渦中の乙武氏に友人ら集まりエール
Japan In-depth / 2016年4月6日 7時56分
安倍宏行(Japan In-depth 編集長・ジャーナリスト)
「編集長の眼」
4月5日。総勢250人。ホテルの前に大勢の報道陣が集まる中、応援したいと友人たちが集まった。政治評論家の田原総一朗氏、脳科学者の茂木健一郎氏、スポーツジャーナリストの為末大氏、起業家の堀江貴文氏、野球評論家の古田敦也氏など、著名人の前で乙武洋匡氏はずっと神妙な表情で、声を絞り出すようにこう言った。
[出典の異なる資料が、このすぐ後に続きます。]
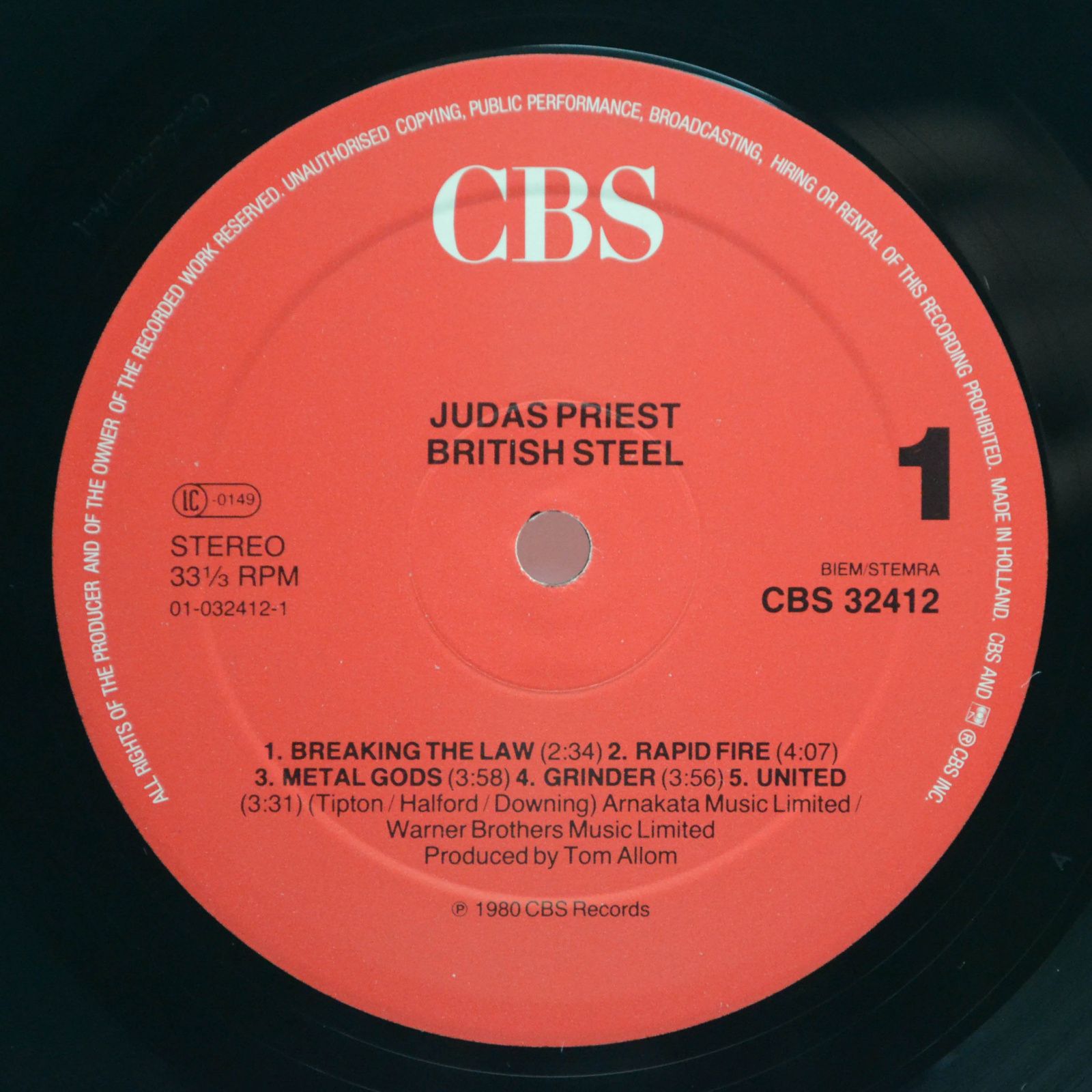 Judas Priest — British Steel, 1980
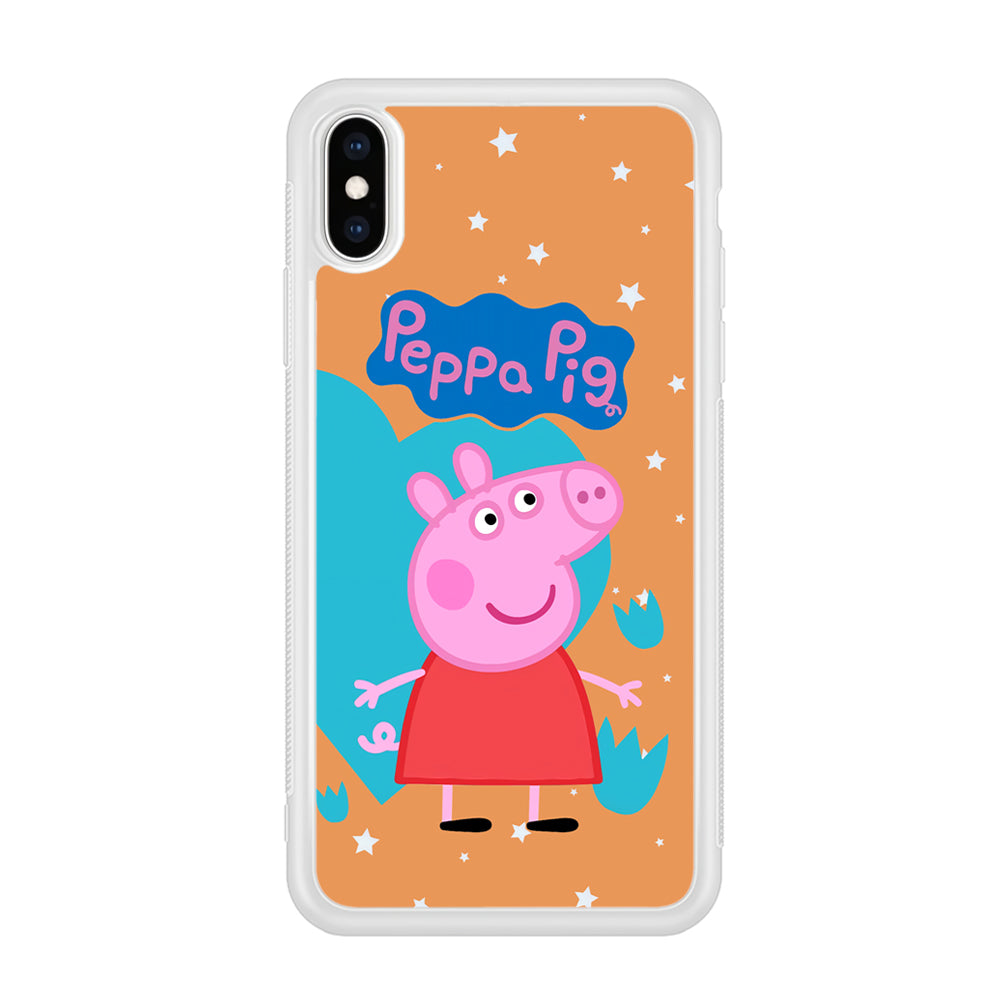 Peppa Pig Girl Convidence iPhone XS MAX Case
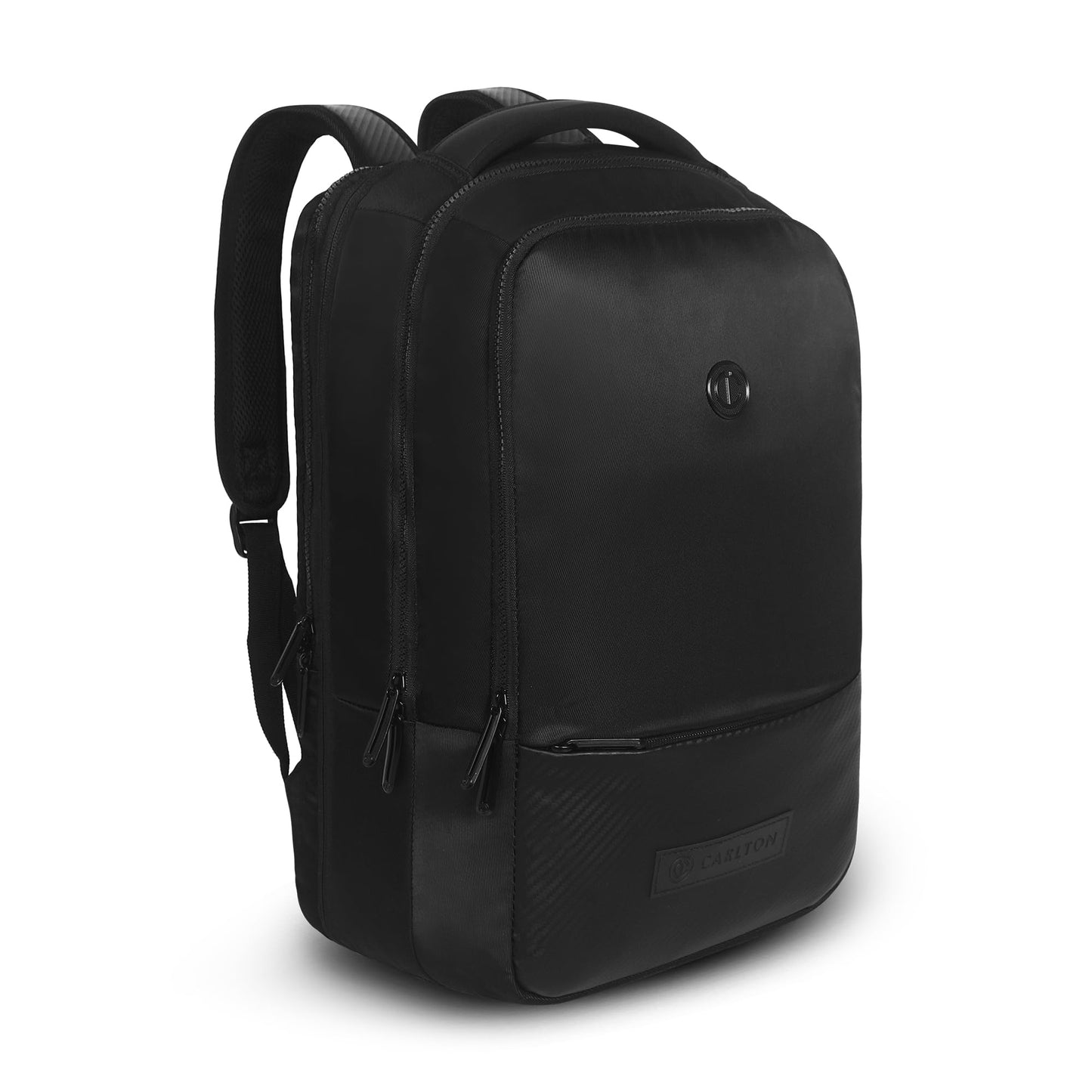 CARLTON Laptop Backpack 22L With Ergonomic Back Panel and Grab Handle, Concealed Back Pocket, Gadget Compartment & Expander | Black | Berkeley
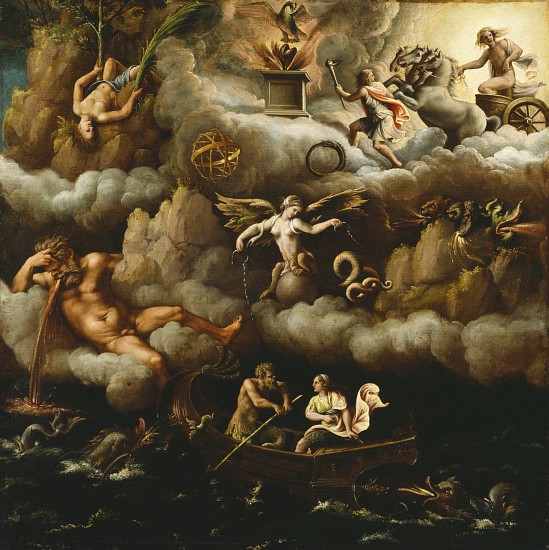 An Allegory of Immortality from Giulio Romano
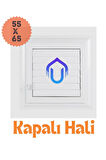 Menfez 55x65 Cm Banyo / Wc Havalandırma Menfezi / Plastik Beyaz Renk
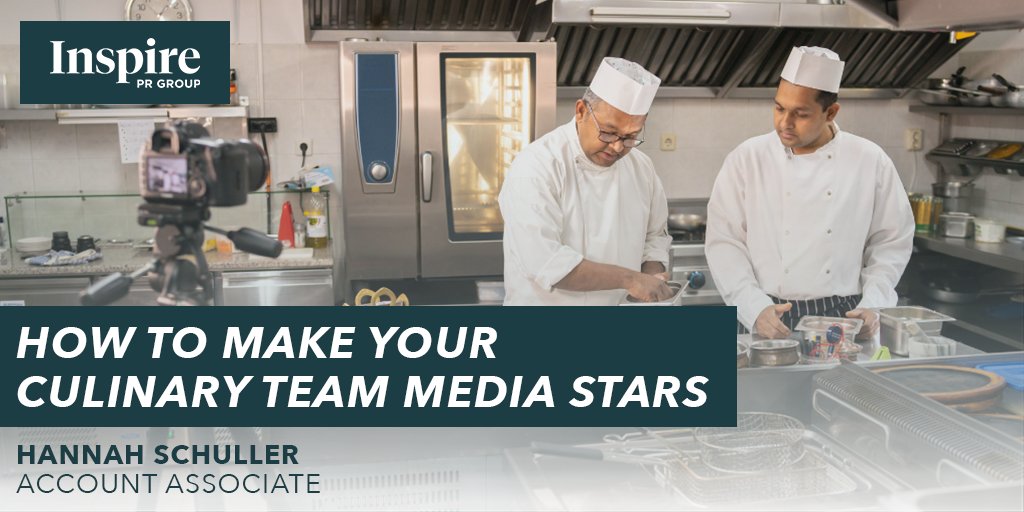 Get a rundown on how restaurants can prepare culinary teams to be media stars from Hannah Schuller, a #MediaRelations pro who works closely with many of our #restaurant and #hospitality clients. inspireprgroup.com/insights/how-t… #NewBlogPost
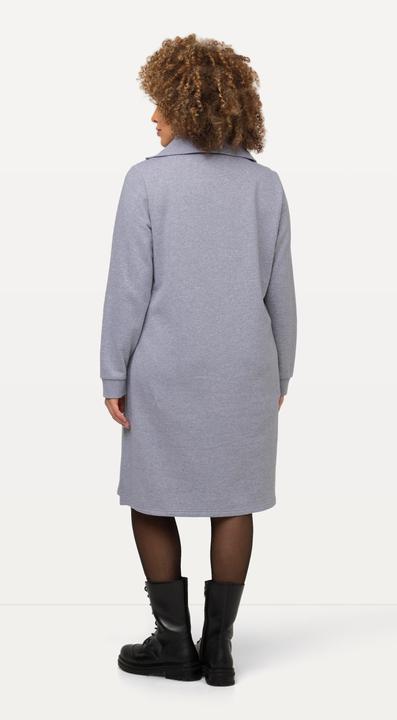 Produktbild Ulla Popken Sweatkleid, Troyerkragen, Reissverschluss, Langarm (46, 48)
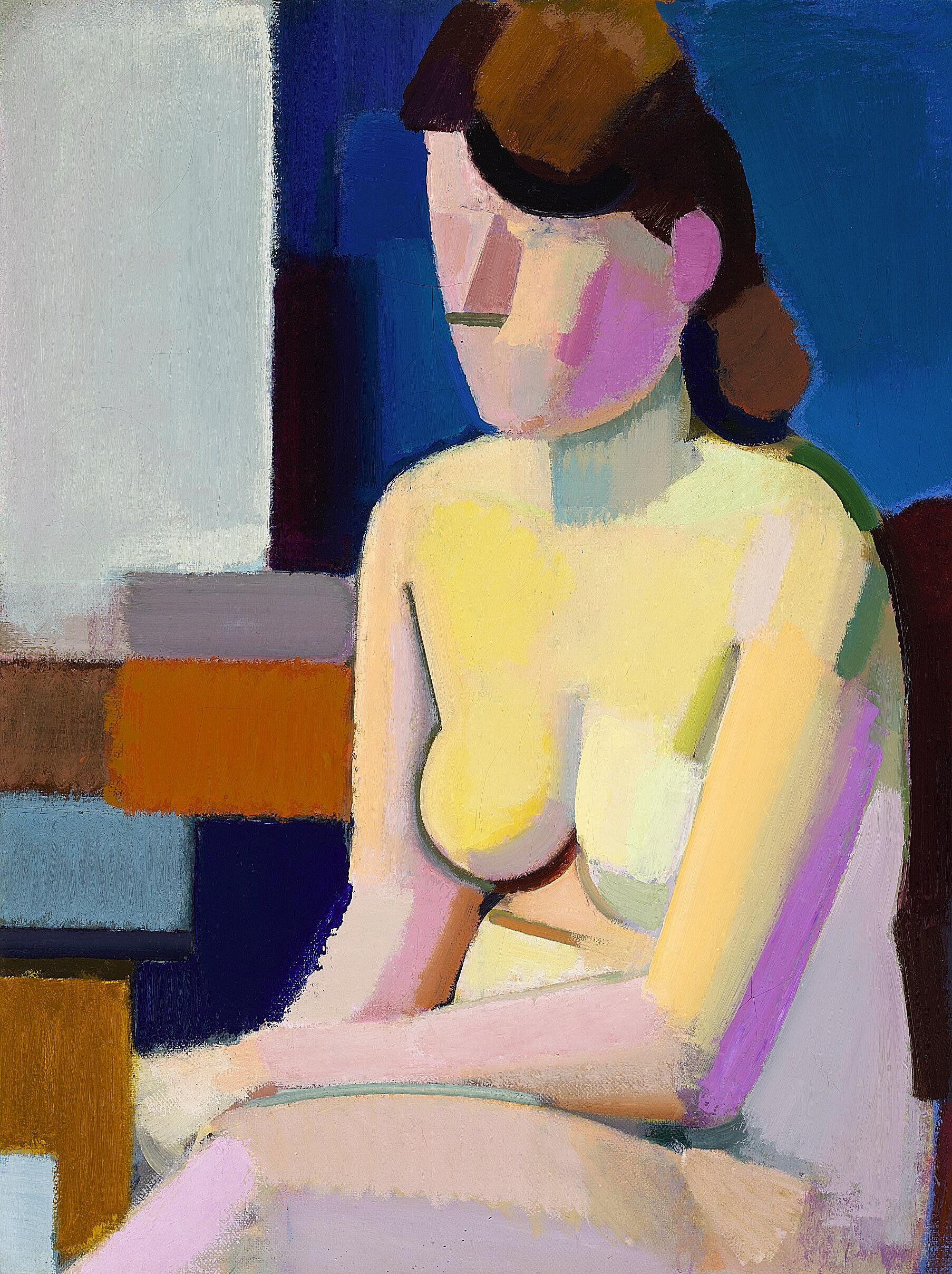 Vilhelm_Lundstrøm_-_Siddende_model_-_1943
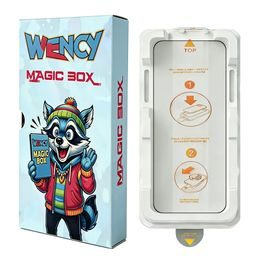 Wency Magic Box 5D Σκληρυμένο Γυαλί με Εύκολη Εφαρμογή, Xiaomi Redmi Note 13 Pro 5G, μαύρο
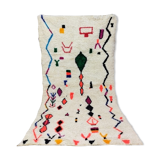 Tapis berbère coloré 254 x 135 cm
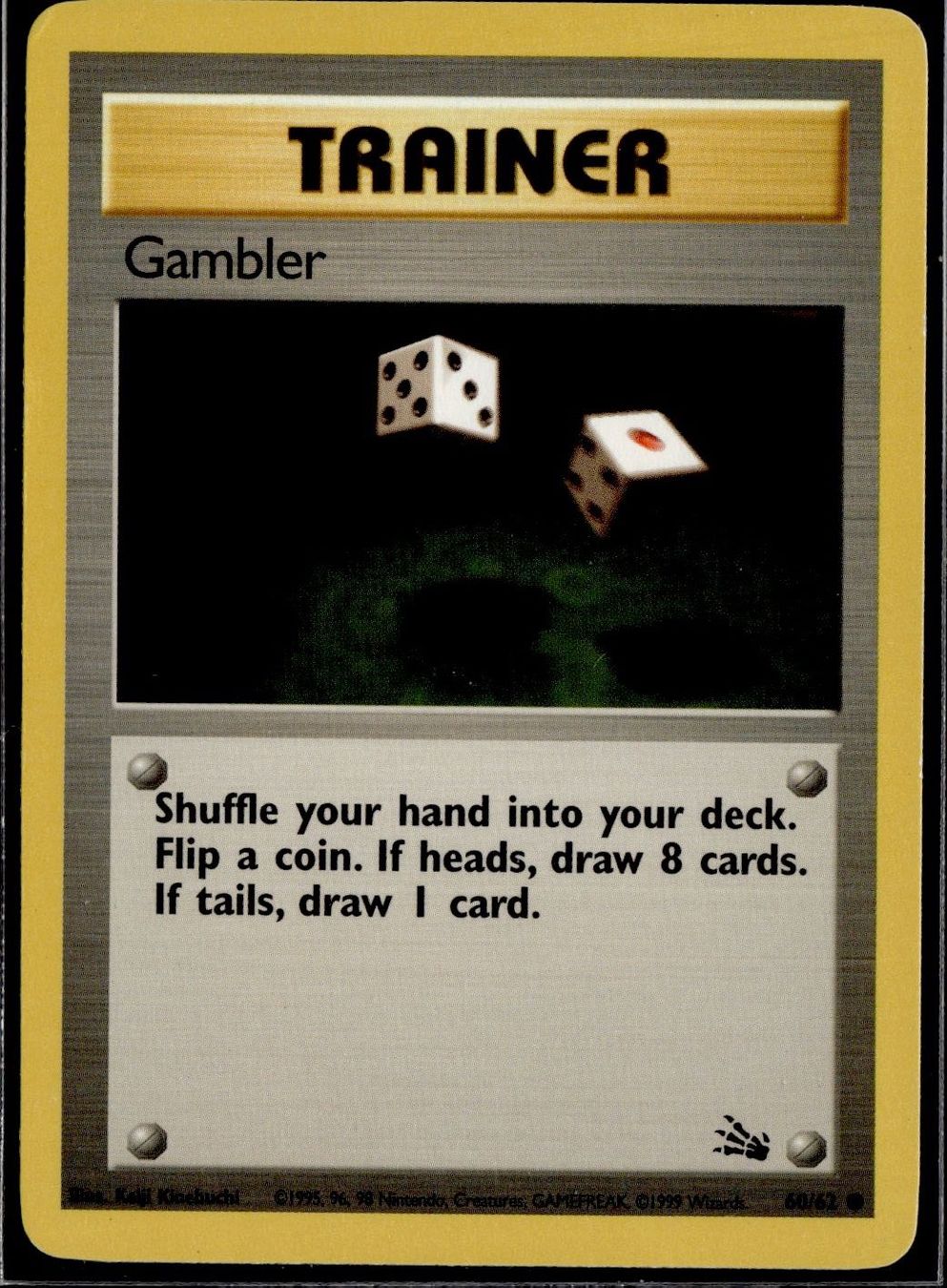 Pokémon Carte collezionabili: Gambler Trainer 60/62 Fossil – Usato da Zürich venduto da pokemon_cards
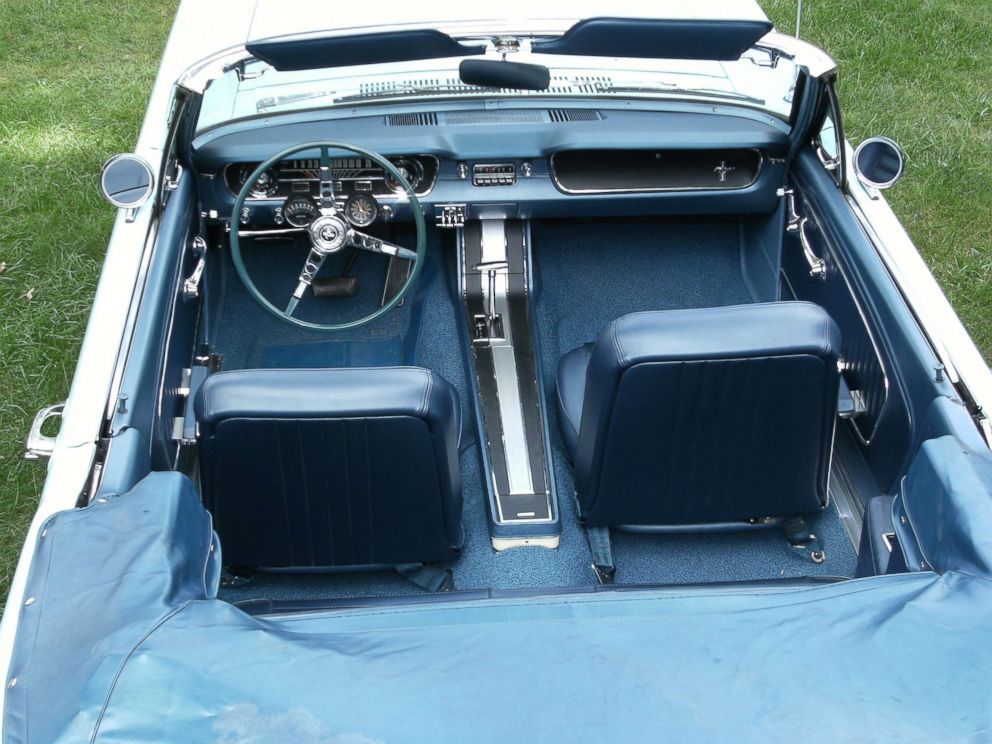 PHOTO: The fully restored 1965 Ford Mustang Convertible owned by Gail and Tom Wise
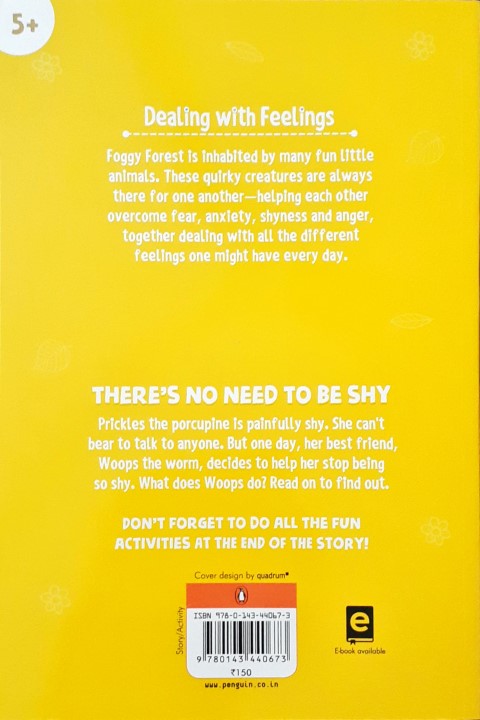 There's No Need To Be Shy Story And Activity Book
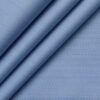 Soktas Men's 120/2 Giza Cotton Stuctured 2.25 Meter Unstitched Shirting Fabric (Sky Blue)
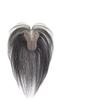 [No se requiere tarjeta] Peluca con flequillo para mujer, Reemplazo de cabello real en la parte superior de la cabeza, Ligera y sin rastro, Parche Mágico para Aumento de Volumen del Cabello y Ocultación de la Raíz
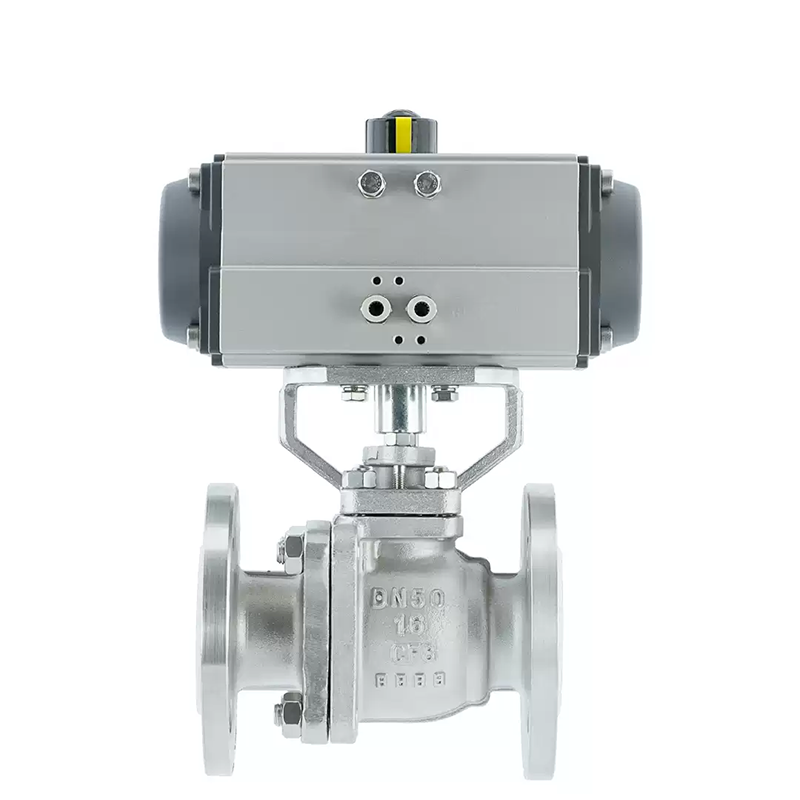 Pneumatic PTFE Lined Stainless Steel Ball Valve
「お騒がせして申し訳ございません。これまでのことは全て妻に打ち明け、謝罪しました。妻も許してくれ、改めて絆を強く結んでいこうと誓いました。」
が、正直、出席していた筆者は違和感があった。なぜ、彼はここまで謝罪しなければならなかったのか、何故ここまで叩かれなくてはいけなかったのか。
本来なら乙武氏の誕生日を祝う会。それが、一転してお詫びをする会になってしまった。彼は会の冒頭と、中盤、2回皆に謝罪した。しかし正直、筆者も、周りの招待された友人たちも、別にお詫びなんてしてもらわなくてよかった。少なくとも私はそう感じていた。なにしろ、ことは乙武夫婦間の問題だ。我々が口出しすべき問題ではない。
なにより、妻である仁美さんが赦している。登壇した彼女はまっすぐ前を向き、皆にこう言った。
「夫の不貞行為に対して妻である私が謝罪することに違和感を覚える方もいらっしゃったと思います。しかし、私たち夫婦の場合、皆さんとは異なる事情があったことは否めません。」
そして仁美さんはこう続けた。
「皆様の信頼を裏切るほどの過ちを犯した夫ではありますが、私は今でも社会のお役に立てる人間だと信じております。どうか、乙武を見捨てることなく、厳しく見守っていただければ幸いです。
ただし次はありません。」
最後のこの一言で、会場内は大きな拍手で包まれた。
「五体不満足」を書いてからこれまでずっとメディアの寵児だった乙武氏。彼の心の中の葛藤、迷い、ジレンマ、ありとあらゆるものが“ないまぜ”になって、必要以上に自分を大きく見せようとして生きてきたことが今回、本人の口から述べられた。これ以上我々は、彼に何を言えるというのだろう。
家族と、そしてなにより自分自身と向き合えるかどうかが、今後の彼の課題だろう。会が終わり、乙武氏はこう言った。
「本当に、これだけ多くの皆さんに支えられているんだなあということを、心から実感することができました。どれだけ感謝してもしきれません。」
今後の予定については:
「今は全くの白紙です。自分の弱さというものを、しっかり断ち切って、とにかく家族と穏やかな時間を、最優先に過ごしていきたいというふうに思っています。」
再起については明言を避けた乙武氏。将来、政治家になろうとなるまいと、今後の生きざまは、これまで以上に衆目を集めることになるのは間違いない。